Frost/Nixon” tells the story around the interview by Frost of the thirty-seventh president, a highly complex, corrupt, insecure, arrogant, crooked, and smart politician that, with the Watergate scandal, has scarred the psyche of this country so deeply that more than thirty years later all those old enough to remember are stunned into disbelief whenever it is evoked. As played by Frank Langella, who physically shares jowls if nothing else with Nixon portrays to an uncanny degree the doubt, the intermittent self-flagellation, the arrogance. Langella gives us a sense of the man in a more layered and complete portrayal than any so far including Robert Altman’s 1984 “Secret Honor.”

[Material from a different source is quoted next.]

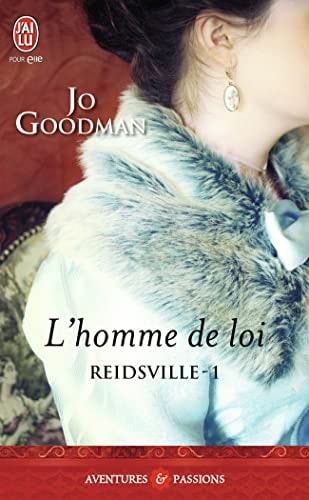OMME DE LOI, de Jo Goodman | portada del libro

With the Nixon interview, David Frost, in 1974 a minor British talk show host known mainly in Australia, realized the biggest coup of his career. From there, this flighty, superficial, overly ambitious playboy, went on to accolades for his ‘no-holds-barred’ interviews (as Nixon puts it) all the way to knighthood. Michael Sheen who as Tony Blair in The Queen showed us his ability to slip into historical characters’ skin and inhabit them completely here is wily, crushed one minute, up and cocky the next. At first, he doesn’t think through the project, only of the impact on audiences and the enormous boost his career would get from an interview with the discredited president. He doesn’t realize what he’s in for, the amount of preparation, both actual and psychological he needs to talk in depth to Nixon who turns out to be a formidable opponent.
This is not your friendly fireplace chat and Frost early on realizes that Nixon will run circles around him if he doesn’t react. Sports analogies come to mind as the two men spar, cheered on and encouraged each by their own teams. One scene, an interruption while the tapes are being changed, with each man having his trainer whisper in his ear, could have been lifted right out of “Rocky.” At last, Frost, the underdog, suddenly takes over and carries the game to a glorious victory. Still, the president is defeated not by a worthy opponent but by the glimpse he has to take into his own soul. The huge close-ups, common nowadays, give us every deer-in-the-headlight blink, every tremor of lips. In laying down his heavy burden of denial, Nixon is relieved as well as finished. The two hours of “Frost/Nixon” pass in a flash but leave us once again with the sadness at the heavy price in loss of innocence we all paid as a result of Watergate.